**Given information:**
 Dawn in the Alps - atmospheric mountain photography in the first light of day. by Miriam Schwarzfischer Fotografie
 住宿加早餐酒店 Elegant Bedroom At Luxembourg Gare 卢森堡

* * *

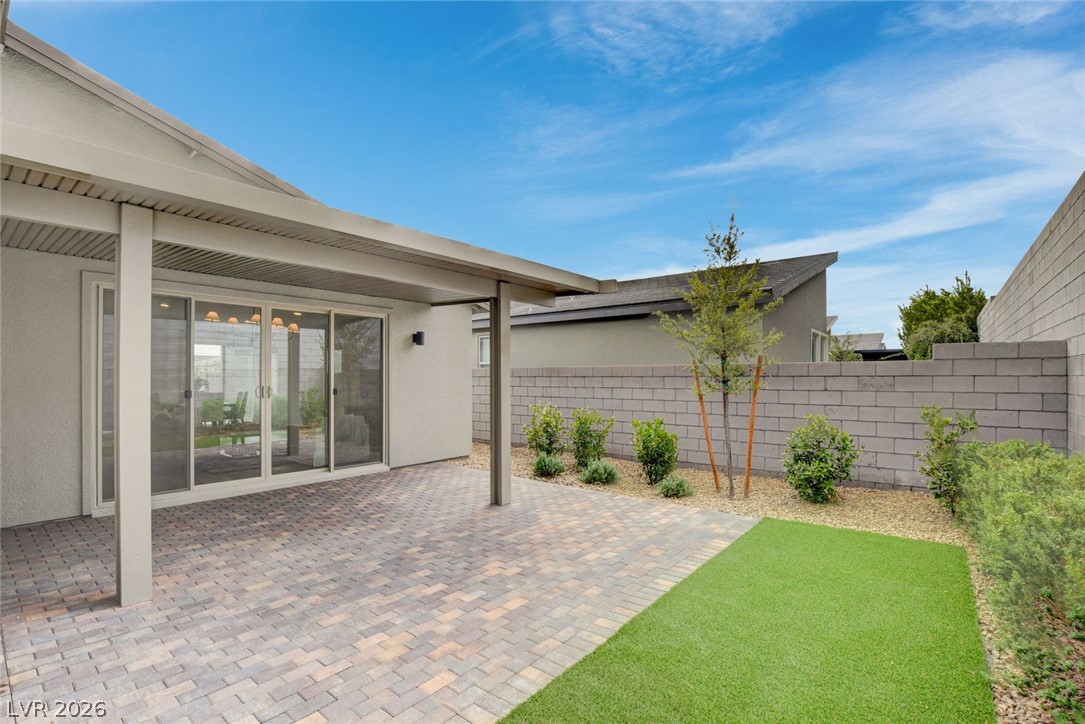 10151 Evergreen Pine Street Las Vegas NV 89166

**Assigned task:** In the records above, find the line with "Dawn in the"; write out exactly that line and each one after it, stopping after the line with "住宿加早餐酒店 Elegant Bedroom".

**Written answer:**
 Dawn in the Alps - atmospheric mountain photography in the first light of day. by Miriam Schwarzfischer Fotografie
 住宿加早餐酒店 Elegant Bedroom At Luxembourg Gare 卢森堡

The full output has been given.